Hadoop: Having threads inside map function Hadoop: Having threads inside map function hadoop hadoop

Hadoop: Having threads inside map function


Hadoop, by itself is built to do parallelism. But it is doing it in very coarse grained manner. Hadoop parallelism is good when dataset is big, and can be divided into many subsets which are processed separately and independently (here I am referring to the Map stage only, for simplicity), for example -to search one pattern in the text.
Now, lets consider the following case : We have a lot of data, and we want to search 1000's of different patterns in this text. Now we have two choices to utilize our multi-core CPUs.
1. Process each file using separate mapper in a single thread, and have several mappers per node
2. Define one mapper per node and process one file by all cores.
The second way might be much more cache friendly, and thereof to be more efficient.
In a bottom line - for cases when fine-grained, multi-core friendly parallelism is justified by the nature of processing - usage of multi-threading within mapper can benefit us.

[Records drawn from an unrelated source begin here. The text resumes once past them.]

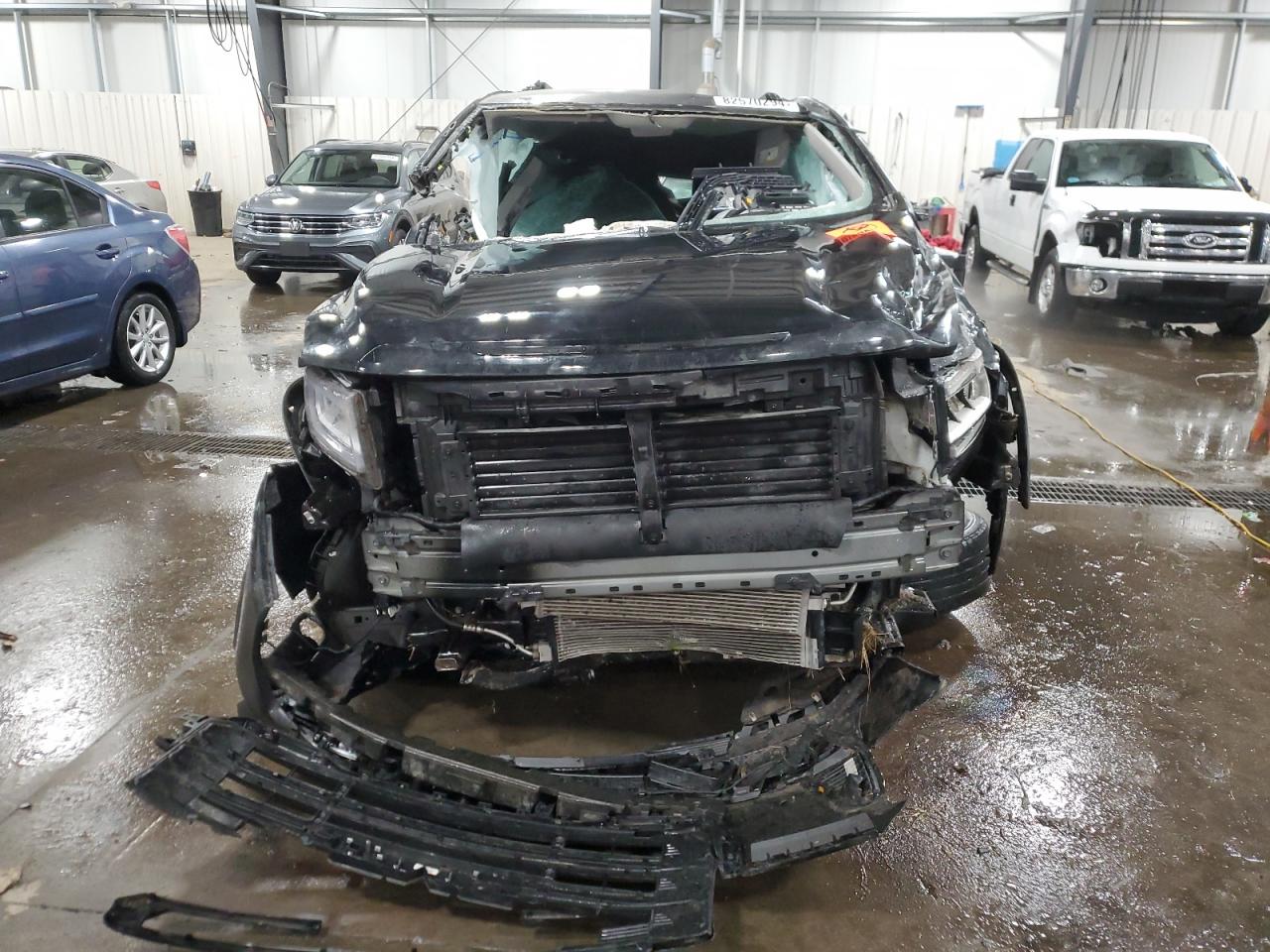 2022 GMC ACADIA SLE VIN:1GKKNRLS8NZ138274
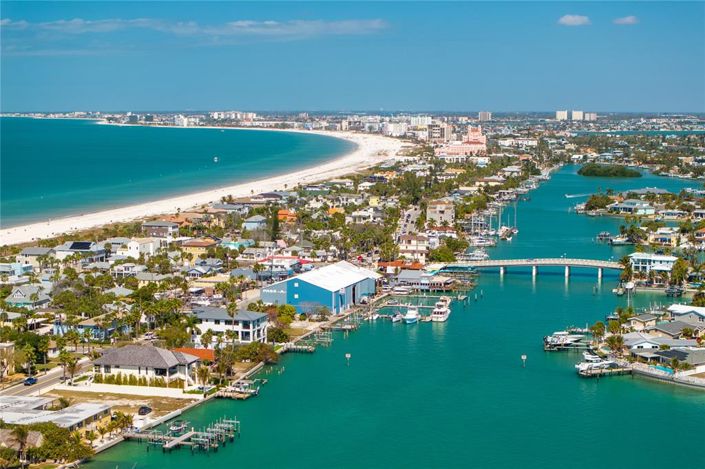 Image No.34-5 Bed Property for sale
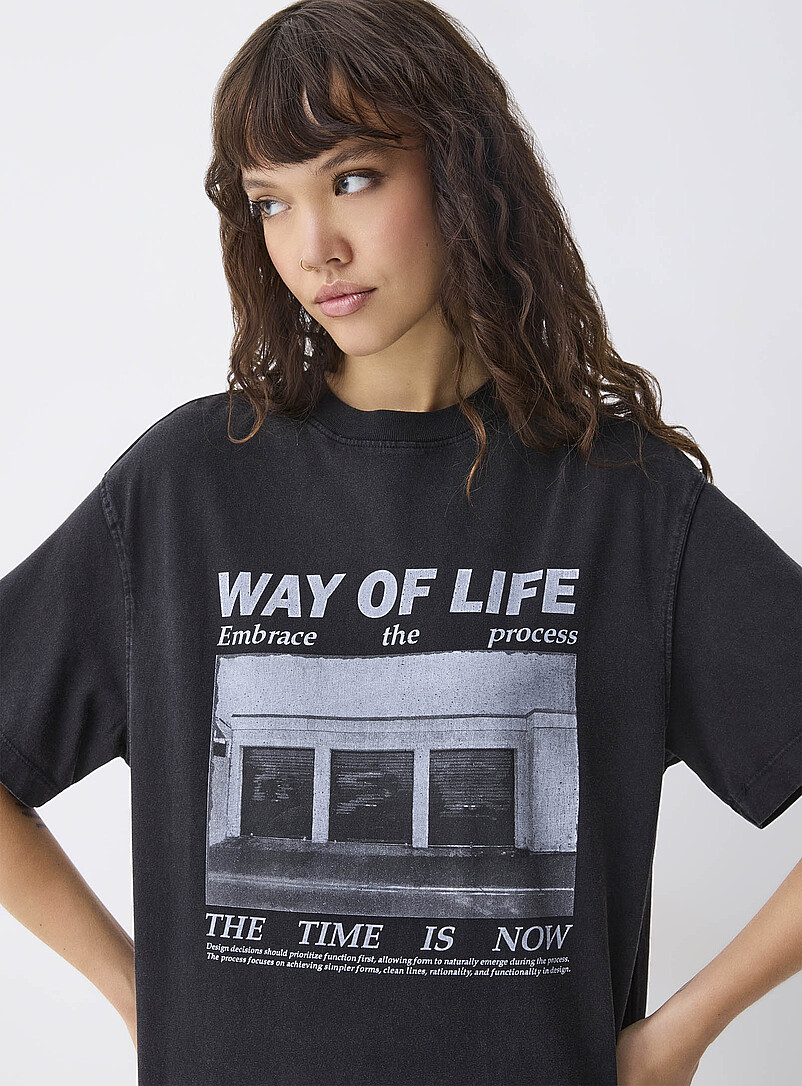 Graphic print T-shirt dress product image 2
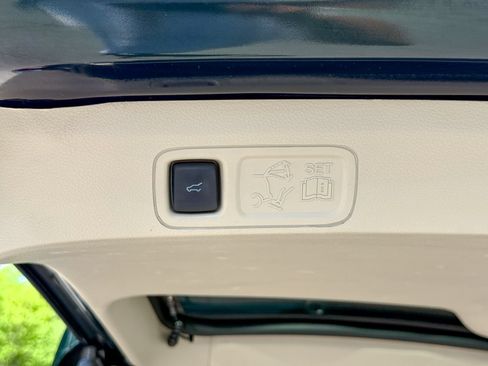Used 2021 Lincoln Navigator Reserve AWD/4WD image 14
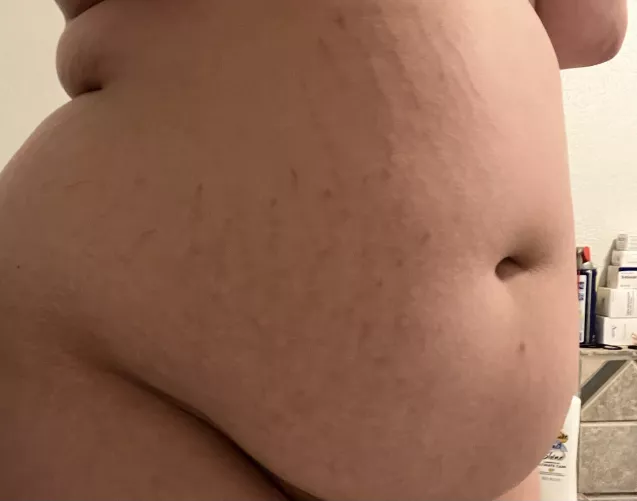 today I stuffed a quarter of a pound cheese pasta, along with three bottles of water.. i’m so tight.! by fuwumuted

You shouldn't need threads if I understand Hadoop and map/reduce properly.

What makes you think parsing a single line of input is a bottleneck in your project? Does it merely seem to you that it's an issue or do you have data to prove it?

UPDATE: Thank you for the citation. It's obviously something that will have to be digested by me and others, so I won't have any snappy advice in the short term. But I appreciate the citation and your patience very much.